3. Charges e cartuns: por um conceito vocabular

O primeiro passo para a compreensão da nossa abordagem é anular da palavra cartum a sua significação de origem. O termo cartoon, como figura no dicionário inglês, designa desenho em termos generalizantes, mas aqui entra apenas como modalidade, como um subgênero do universo iconográfico. A palavra charge – um outro subgênero –, ao contrário, recebe e aceita sua herança denotativa, pois significa “carga”, “carregamento”, “cargo público” – razão pela qual é recorrente o retrato de situações políticas –, por assim dizer, charge é “fardo” denotado nos traços da figura representada. As duas categorias concorrem na ação de desvelar situações do cotidiano, uma abordando situações subjetivas em que o foco é e está no próprio sujeito, outra trazendo ao centro discussões de natureza mais cósmica e revelando um sujeito pressionado pelo seu meio.

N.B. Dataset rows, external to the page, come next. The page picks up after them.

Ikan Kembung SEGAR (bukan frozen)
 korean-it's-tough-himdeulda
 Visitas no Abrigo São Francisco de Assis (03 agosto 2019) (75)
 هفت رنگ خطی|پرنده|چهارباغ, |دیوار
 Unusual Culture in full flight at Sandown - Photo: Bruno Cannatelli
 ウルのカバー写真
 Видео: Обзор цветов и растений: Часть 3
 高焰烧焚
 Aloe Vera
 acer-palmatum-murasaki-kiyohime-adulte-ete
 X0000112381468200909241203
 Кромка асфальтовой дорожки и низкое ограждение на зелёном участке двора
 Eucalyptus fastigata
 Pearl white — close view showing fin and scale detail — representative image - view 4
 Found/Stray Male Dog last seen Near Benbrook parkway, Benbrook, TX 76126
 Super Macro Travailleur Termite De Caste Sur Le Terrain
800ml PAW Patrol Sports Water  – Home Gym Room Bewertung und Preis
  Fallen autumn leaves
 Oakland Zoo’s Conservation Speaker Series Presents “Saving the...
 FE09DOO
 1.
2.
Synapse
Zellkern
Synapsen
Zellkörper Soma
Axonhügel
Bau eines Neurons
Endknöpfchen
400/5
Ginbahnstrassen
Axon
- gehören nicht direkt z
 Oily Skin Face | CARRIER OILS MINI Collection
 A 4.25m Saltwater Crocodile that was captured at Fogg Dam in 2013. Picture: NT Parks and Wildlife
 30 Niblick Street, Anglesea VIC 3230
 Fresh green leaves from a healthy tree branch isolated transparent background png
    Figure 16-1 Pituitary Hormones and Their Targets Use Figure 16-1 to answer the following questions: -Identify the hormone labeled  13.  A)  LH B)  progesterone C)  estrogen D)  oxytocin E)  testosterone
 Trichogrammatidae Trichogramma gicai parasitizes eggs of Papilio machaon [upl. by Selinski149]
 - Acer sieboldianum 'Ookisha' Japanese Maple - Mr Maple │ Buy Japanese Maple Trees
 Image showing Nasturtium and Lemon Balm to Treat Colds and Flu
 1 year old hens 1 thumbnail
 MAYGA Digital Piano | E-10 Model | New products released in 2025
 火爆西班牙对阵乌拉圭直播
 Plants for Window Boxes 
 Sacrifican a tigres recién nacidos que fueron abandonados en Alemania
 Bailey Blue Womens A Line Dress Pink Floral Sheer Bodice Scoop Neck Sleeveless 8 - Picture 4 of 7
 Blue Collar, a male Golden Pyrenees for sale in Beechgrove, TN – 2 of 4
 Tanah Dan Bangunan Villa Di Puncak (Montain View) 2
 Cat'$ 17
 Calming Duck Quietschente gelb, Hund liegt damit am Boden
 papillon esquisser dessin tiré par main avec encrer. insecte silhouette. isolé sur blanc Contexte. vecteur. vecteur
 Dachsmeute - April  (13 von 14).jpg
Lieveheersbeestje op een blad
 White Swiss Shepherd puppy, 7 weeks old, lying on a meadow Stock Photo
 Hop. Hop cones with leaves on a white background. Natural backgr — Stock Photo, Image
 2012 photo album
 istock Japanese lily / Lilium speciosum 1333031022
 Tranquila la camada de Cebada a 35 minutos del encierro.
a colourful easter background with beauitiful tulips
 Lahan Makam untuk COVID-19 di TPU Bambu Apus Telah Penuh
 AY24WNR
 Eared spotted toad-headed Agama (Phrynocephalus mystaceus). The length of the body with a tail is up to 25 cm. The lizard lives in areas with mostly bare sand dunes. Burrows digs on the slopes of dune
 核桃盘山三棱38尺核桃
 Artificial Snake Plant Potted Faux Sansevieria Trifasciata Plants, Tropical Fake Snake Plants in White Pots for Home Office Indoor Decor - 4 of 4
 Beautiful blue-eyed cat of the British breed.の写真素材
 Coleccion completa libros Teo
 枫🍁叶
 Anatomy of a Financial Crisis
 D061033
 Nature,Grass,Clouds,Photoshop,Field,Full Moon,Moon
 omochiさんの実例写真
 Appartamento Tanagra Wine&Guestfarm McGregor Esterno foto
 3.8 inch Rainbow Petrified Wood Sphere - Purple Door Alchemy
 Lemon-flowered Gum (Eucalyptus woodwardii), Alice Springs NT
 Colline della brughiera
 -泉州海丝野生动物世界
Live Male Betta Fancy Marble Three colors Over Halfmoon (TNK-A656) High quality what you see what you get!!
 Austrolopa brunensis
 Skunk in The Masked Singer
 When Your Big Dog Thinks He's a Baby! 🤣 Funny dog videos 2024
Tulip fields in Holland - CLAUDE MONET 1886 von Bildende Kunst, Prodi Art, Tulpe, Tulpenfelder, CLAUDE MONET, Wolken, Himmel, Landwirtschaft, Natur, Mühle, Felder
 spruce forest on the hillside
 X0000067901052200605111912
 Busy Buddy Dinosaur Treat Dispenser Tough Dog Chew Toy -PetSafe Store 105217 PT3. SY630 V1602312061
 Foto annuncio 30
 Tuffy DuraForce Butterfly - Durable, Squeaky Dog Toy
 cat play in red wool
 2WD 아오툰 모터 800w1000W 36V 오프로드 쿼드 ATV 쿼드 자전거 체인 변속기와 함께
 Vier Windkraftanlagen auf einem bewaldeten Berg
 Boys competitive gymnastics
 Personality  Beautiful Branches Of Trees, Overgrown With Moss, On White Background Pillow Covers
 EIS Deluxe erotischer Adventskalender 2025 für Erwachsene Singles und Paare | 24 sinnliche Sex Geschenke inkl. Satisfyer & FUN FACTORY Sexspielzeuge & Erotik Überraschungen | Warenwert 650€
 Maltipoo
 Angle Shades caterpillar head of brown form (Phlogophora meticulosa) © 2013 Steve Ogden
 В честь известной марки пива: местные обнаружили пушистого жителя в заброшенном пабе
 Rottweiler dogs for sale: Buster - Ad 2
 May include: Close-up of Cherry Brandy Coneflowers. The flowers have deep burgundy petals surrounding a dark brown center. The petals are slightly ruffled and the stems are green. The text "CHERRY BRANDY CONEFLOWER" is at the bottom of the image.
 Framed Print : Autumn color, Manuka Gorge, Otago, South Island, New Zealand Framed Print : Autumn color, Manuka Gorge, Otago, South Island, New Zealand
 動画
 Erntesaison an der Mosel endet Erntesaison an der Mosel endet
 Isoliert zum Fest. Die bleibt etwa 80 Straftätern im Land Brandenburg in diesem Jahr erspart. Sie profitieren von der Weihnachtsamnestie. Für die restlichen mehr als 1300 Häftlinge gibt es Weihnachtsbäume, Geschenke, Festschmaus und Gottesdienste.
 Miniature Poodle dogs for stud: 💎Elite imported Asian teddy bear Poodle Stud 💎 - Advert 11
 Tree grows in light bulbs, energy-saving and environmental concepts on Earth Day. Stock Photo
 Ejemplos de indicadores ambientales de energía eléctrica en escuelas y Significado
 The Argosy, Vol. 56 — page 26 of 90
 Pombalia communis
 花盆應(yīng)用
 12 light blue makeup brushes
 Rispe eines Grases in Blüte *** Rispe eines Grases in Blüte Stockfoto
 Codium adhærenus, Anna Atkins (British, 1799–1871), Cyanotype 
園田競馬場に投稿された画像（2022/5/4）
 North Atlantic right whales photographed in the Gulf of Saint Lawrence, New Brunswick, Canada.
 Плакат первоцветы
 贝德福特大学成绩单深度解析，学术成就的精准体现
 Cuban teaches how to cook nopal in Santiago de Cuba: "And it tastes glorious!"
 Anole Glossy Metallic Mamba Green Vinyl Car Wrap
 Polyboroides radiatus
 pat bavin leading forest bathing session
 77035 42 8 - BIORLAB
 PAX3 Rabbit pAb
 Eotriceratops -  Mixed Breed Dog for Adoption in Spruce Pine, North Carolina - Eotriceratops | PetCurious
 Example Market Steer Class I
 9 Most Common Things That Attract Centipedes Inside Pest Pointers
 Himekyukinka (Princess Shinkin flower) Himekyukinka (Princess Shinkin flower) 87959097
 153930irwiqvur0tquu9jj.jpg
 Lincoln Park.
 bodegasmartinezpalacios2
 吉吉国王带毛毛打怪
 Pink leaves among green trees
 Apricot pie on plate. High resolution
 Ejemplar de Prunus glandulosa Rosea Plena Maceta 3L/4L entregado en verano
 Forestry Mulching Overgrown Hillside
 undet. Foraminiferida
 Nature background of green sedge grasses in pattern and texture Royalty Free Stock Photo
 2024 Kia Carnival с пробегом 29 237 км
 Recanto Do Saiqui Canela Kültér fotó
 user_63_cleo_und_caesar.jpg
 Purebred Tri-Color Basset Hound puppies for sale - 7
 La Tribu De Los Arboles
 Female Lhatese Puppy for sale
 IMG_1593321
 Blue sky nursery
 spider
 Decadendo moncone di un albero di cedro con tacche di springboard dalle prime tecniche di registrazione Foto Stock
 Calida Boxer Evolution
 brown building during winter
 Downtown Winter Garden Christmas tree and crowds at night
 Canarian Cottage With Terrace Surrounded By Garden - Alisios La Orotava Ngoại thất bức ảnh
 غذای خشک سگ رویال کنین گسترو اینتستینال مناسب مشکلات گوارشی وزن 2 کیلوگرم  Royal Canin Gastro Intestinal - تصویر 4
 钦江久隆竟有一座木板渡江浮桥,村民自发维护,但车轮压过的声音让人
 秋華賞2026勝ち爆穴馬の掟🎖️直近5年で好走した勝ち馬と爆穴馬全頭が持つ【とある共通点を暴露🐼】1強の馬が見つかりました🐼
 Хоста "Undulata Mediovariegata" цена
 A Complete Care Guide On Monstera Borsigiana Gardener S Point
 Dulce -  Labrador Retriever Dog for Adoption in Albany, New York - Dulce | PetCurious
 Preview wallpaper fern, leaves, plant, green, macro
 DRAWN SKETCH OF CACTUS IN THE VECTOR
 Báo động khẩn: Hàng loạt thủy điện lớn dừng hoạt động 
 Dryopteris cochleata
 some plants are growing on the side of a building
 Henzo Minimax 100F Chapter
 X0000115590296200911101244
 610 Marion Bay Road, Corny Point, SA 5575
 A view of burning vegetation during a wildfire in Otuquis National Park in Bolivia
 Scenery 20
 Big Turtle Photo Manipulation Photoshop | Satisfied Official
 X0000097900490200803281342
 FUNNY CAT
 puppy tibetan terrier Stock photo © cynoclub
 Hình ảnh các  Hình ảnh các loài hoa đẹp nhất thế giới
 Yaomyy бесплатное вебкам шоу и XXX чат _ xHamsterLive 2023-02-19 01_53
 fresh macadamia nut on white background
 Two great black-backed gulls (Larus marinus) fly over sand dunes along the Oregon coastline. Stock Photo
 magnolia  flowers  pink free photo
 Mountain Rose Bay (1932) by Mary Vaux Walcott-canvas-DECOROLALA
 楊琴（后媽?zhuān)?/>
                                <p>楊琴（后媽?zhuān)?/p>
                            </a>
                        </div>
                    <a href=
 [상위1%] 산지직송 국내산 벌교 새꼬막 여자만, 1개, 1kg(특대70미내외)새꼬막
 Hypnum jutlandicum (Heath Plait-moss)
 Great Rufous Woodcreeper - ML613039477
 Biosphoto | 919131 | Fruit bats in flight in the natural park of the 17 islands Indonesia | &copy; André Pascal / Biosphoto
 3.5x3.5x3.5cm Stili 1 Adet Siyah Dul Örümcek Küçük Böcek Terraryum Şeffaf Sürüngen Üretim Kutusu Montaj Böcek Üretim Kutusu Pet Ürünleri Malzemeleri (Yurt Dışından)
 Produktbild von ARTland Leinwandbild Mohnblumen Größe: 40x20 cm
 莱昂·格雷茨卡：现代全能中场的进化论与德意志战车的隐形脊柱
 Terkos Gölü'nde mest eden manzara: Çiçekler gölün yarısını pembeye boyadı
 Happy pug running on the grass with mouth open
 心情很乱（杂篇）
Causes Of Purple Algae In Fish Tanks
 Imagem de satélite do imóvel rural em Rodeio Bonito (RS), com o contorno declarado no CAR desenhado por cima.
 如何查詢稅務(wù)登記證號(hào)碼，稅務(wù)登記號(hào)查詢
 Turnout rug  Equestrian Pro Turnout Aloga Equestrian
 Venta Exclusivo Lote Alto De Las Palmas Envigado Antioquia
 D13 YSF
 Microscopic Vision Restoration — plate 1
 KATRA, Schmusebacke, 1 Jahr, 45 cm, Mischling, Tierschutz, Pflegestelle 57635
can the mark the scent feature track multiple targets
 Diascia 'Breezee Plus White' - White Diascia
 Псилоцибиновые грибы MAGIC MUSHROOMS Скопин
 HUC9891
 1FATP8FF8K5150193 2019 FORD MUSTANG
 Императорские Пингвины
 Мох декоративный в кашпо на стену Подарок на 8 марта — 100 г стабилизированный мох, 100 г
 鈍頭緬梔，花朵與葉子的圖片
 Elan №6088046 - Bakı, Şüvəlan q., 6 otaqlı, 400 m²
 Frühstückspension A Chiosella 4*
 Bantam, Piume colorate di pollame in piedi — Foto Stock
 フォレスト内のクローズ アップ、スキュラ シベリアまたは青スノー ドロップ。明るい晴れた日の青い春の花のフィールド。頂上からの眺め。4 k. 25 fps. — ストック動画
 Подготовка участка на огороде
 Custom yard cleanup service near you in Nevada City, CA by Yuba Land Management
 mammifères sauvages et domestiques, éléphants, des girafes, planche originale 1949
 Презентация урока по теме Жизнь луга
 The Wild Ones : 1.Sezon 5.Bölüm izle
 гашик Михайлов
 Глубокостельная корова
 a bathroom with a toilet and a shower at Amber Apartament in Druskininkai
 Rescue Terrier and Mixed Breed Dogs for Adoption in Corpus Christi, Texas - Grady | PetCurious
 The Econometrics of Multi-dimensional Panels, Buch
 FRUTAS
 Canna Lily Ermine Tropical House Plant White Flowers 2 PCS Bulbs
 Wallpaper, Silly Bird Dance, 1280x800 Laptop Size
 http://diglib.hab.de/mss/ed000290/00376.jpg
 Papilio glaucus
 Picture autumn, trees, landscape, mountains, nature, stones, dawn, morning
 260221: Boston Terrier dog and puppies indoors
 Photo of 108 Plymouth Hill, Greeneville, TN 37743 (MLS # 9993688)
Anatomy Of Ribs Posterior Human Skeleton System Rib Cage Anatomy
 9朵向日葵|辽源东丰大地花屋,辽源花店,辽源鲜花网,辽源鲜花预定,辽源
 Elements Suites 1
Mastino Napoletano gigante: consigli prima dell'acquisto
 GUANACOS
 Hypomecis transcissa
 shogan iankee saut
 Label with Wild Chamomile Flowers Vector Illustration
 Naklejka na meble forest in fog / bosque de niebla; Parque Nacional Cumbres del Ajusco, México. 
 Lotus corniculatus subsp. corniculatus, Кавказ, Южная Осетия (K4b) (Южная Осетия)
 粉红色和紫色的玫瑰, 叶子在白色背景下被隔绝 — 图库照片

4. Charge: da origem às principais características formais

A charge e o cartum são representações em “monoquadro” e este detalhe, somado à proposta de parodiar situações do cotidiano, seriam, talvez, as únicas características comuns entre os dois subgêneros. Quanto à origem, a charge teria nascido da sua relação profunda com a caricatura, razão pela qual não se concebe esta modalidade alheia ao traçado caricato. Todavia, não é a simples presença da caricatura, inserida num quadro qualquer, que irá conferir a esta a condição de charge. Para Vladimir Propp (1992), na sua pesquisa sobre a comicidade e o riso, a “charge amigável” se limita com a caricatura e por isso não desencadeia significação que vá além do simples efeito visual. O que podemos entender disso é que não existe entre o verdadeiro chargista e o seu objeto representado nenhuma relação cordial. Por outro lado, nenhum ser, em sã consciência, tomado por referência nas charges teria prazer em dependurar num quadro uma charge sua. Efeito contrário seria natural aos que são representados nos desenhos em que se manifesta a caricatura simples, ou, nas palavras de Propp, “na charge amigável”. Nesses casos, o exagero não tem implicações de sentido com o contexto e o riso do leitor, que será tratado mais detalhadamente a seguir, não passará de uma manifestação afetuosa de cordialidade.

Para compreender uma charge, devemos acompanhar também sua movimentação. Bergson (1983, p.22) comenta que a caricatura consiste na captação de certo movimento do corpo da figura retratada que seria praticamente imperceptível a olhos comuns, como certos cacoetes, o esboço de uma careta, que passaria a ser visto mediante ao processo de ampliação. Na charge essa movimentação não se limita ao corpo, pois corresponde também a uma mobilidade social que deve ser reprovada pelo corpo social.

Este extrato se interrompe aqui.